Caldo de Arroz con Pollo (Chicken and Rice Soup)

It's cooled down around here.  It's in the mid 90s in the afternoons and the mornings, well, I was down right chilled yesterday.  It was 67! 
Since temps dropped, I'm in the mood for one of my favorite soups.

This is a staple at just about every Mexican restaurant here in South Texas.   The first time I tasted it was at lunch one afternoon.  I went back that night for supper and got a bigger bowl.  Later that week, I had Pool Guy stop and pick up some more for me.  You have to get it early because they only make so much and once it's gone, you're outta luck.  On more than one occasion, at my favorite restaurant, I was told they didn't make it that day or they were out so... I decided I had to learn to make it myself.

Caldo de Arroz con Pollo (Chicken and Rice Soup)
This recipe makes 4-5 servings if it's your main dish (big bowls).  You can easily double or triple to accommodate the number of people eating. 

  • 1 Chicken leg quarter (I used a large one, you could add a thigh if yours is small)
  • 3 small potatoes, cleaned and quartered
  • 1 handful baby carrots (or 1 large carrot roughly chopped)
  • 1/2 cup fresh corn (frozen corn that has been thawed can be used too)
  • 1 pot rice
  • 3 chicken bouillon cubes
  • 1 quart water (give or take)
  • 1 packet Sazon (which I was out of today)
  • fresh limes (for squeezing into soup when served)
  • salt, pepper, cumin, garlic powder, onion powder, chili powder

Season your chicken getting under the skin and place in the fridge over night.

Bring you water and boullion to a boil in a large sauce pan.

Put your chicken in the pan and cook until it can be pulled from the bone with a fork. (I cooked mine about 40 min.)

Remove your chicken and set aside.

Cook rice according to package directions and set aside when done.  (you can do this early in the day if you wish)

Strain the broth (water) and return to pot adding enough water to fill 2/3 of the way.

Taste your broth and add Sazon and any seasonings (or more boullion) to suit your tastes.

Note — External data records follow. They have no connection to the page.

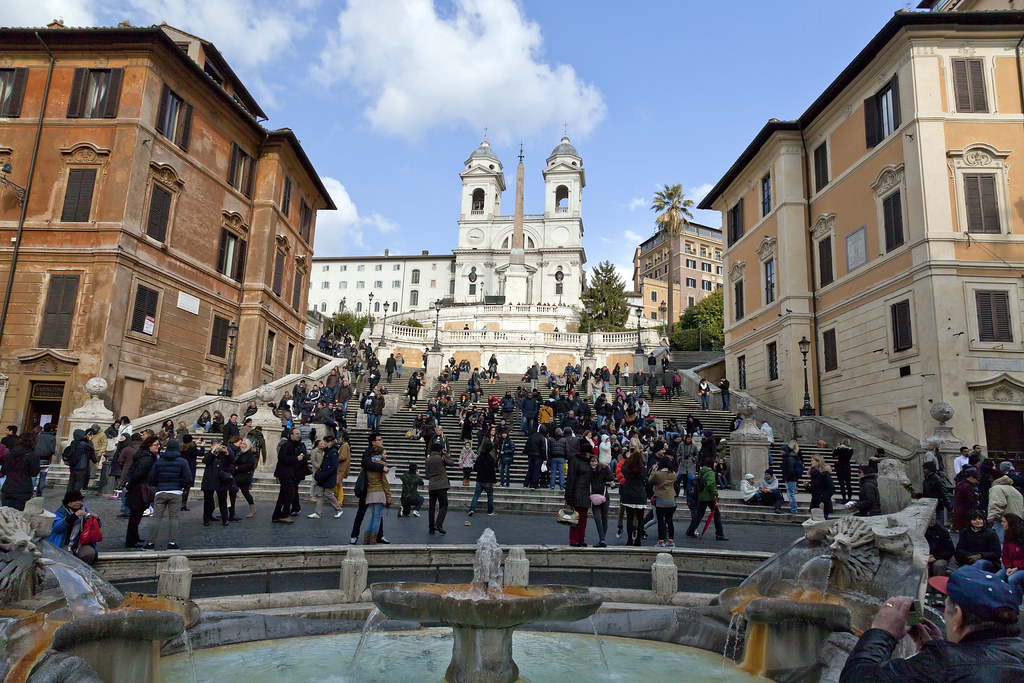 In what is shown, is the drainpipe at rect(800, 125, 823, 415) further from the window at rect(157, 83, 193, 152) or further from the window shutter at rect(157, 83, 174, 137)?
the window shutter at rect(157, 83, 174, 137)

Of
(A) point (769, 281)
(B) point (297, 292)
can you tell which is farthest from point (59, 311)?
(A) point (769, 281)

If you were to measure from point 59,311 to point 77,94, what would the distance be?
805cm

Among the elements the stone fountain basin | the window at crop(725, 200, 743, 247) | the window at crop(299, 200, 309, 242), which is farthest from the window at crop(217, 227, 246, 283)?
the stone fountain basin

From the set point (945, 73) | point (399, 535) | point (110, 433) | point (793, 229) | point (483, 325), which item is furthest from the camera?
point (483, 325)

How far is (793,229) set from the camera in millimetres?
26203

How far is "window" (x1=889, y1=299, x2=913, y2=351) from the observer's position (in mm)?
19609

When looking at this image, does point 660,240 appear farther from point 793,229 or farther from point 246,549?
point 246,549

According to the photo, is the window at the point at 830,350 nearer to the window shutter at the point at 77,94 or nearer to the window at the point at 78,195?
the window at the point at 78,195

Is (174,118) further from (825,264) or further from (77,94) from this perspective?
(825,264)

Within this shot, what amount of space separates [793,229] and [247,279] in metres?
23.2

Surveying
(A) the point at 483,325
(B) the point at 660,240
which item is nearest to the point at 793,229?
(A) the point at 483,325

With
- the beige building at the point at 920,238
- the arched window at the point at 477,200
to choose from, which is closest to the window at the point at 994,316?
the beige building at the point at 920,238

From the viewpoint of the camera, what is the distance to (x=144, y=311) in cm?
2264

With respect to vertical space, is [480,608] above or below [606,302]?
below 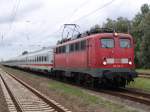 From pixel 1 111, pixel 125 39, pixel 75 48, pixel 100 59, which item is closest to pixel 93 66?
pixel 100 59

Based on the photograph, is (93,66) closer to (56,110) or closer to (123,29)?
(56,110)

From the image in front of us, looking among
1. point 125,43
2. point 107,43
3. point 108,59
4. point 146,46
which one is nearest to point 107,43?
point 107,43

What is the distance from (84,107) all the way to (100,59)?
24.3 ft

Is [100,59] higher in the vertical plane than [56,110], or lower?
higher

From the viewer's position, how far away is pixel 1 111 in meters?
15.2

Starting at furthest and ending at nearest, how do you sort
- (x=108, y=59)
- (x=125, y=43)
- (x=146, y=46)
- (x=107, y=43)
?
1. (x=146, y=46)
2. (x=125, y=43)
3. (x=107, y=43)
4. (x=108, y=59)

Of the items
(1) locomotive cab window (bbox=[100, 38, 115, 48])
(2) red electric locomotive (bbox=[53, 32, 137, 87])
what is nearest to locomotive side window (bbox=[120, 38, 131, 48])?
(2) red electric locomotive (bbox=[53, 32, 137, 87])

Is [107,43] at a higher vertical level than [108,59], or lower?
higher

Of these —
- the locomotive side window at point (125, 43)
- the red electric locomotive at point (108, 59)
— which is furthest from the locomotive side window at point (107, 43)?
the locomotive side window at point (125, 43)

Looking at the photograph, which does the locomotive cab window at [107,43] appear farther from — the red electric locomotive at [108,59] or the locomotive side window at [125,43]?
the locomotive side window at [125,43]

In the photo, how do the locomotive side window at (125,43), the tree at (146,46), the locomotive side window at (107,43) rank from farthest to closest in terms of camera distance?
the tree at (146,46), the locomotive side window at (125,43), the locomotive side window at (107,43)

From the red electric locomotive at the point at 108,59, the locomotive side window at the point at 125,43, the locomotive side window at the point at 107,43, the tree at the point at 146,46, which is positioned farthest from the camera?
the tree at the point at 146,46

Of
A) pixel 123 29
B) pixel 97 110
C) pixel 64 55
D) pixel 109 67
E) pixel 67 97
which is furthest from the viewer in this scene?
pixel 123 29

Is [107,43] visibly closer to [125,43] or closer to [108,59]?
[108,59]
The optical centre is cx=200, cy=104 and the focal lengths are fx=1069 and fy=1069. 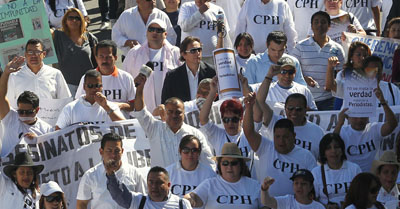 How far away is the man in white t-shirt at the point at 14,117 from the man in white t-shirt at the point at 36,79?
95 centimetres

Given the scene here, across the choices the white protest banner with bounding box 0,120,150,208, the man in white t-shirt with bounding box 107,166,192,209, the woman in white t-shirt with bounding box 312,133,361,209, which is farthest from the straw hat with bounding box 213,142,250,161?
the white protest banner with bounding box 0,120,150,208

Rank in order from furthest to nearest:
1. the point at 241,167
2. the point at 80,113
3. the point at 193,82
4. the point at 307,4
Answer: the point at 307,4, the point at 193,82, the point at 80,113, the point at 241,167

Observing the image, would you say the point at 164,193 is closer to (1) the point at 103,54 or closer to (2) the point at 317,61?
(1) the point at 103,54

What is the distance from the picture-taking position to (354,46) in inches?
504

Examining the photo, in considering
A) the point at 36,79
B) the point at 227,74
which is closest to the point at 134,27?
the point at 36,79

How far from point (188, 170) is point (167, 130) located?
732 mm

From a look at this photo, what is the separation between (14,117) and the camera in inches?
468

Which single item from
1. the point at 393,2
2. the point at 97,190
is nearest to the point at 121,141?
the point at 97,190

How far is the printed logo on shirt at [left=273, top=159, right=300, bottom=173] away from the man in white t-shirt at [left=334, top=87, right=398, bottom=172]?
0.81 m

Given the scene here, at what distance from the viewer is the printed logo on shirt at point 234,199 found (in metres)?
10.8

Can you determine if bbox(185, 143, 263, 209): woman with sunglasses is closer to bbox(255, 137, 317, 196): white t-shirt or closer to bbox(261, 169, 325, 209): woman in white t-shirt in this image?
bbox(261, 169, 325, 209): woman in white t-shirt

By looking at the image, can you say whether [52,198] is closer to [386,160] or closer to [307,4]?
[386,160]

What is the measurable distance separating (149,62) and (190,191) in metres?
2.71

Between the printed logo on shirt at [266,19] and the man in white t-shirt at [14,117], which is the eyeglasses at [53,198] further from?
the printed logo on shirt at [266,19] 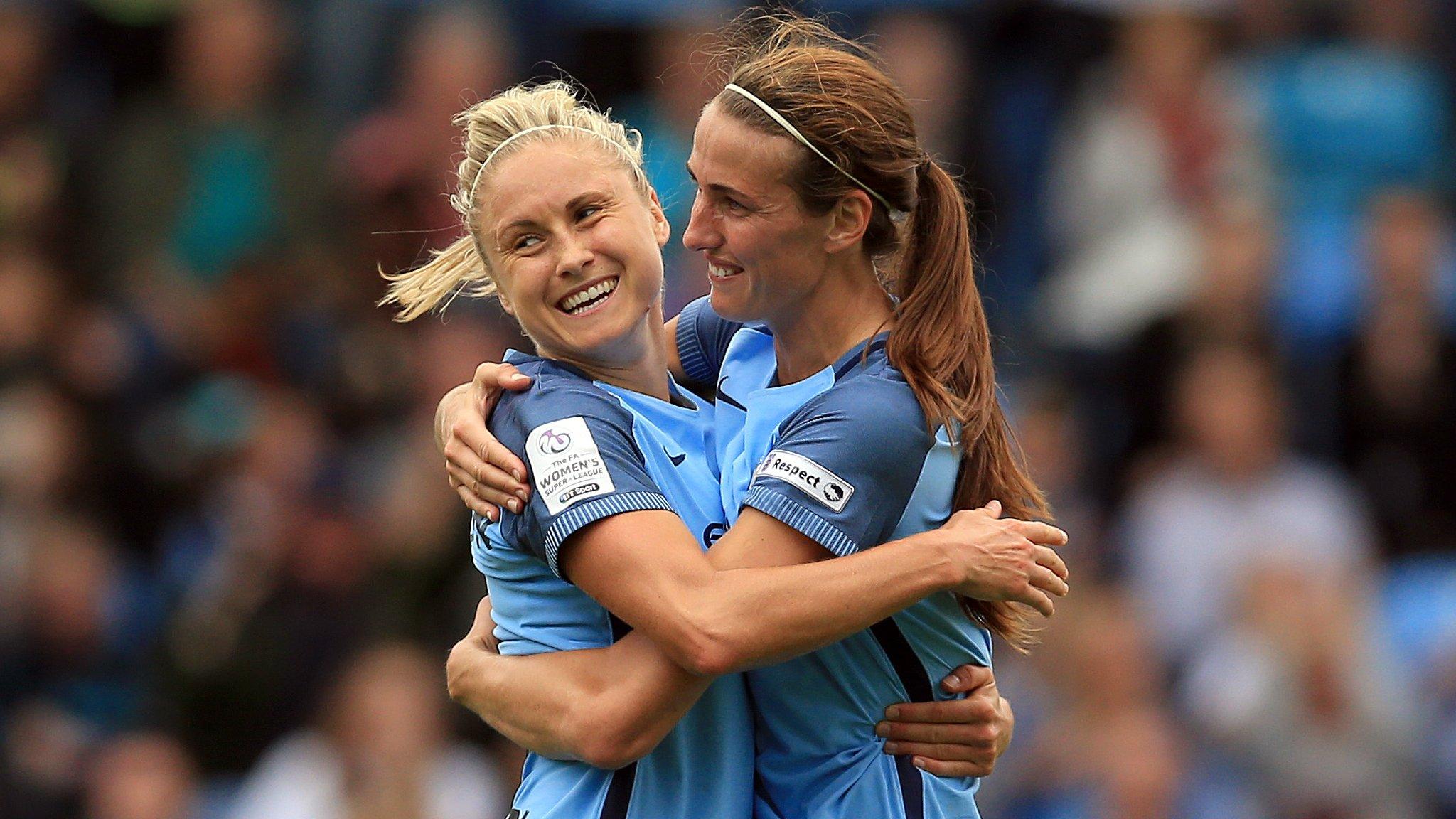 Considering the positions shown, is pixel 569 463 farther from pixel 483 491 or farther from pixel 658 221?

Add potatoes and cook until soft but not mushy.  About 10 min depending on the size you cut them.  (I keep mine small enough to fit on a spoon but large enough to be a mouthful)

Once the chicken cools enough to handle, remove skin (discard) and meat from bone shredding in to bite sized pieces. 

Turn heat off and add carrots to pot and return shredded meat to pot.   Cover and let carrots soften a bit, about 5 min.

To serve:

Place 1/3 cup of rice in bottom of bowl.  Spoon some corn over the top and then ladle some of the soup over the top of it.  Be sure to get some potato chunks and carrots in your bowl.  Squeeze a lime quarter into it.  It makes a huge difference in flavor.  Trust me, you'll like it!  You can tear up corn or flour tortillas and drop them in too if you wish.  Pool Guy eats his this way.

Note:  I keep the rice and corn separate from the soup for two reasons:  1) that's how it's served in the restaurant and   2) I don't like soggy corn or mushy, bloated, overcooked rice.   Keep leftovers separate and then put together before microwaving.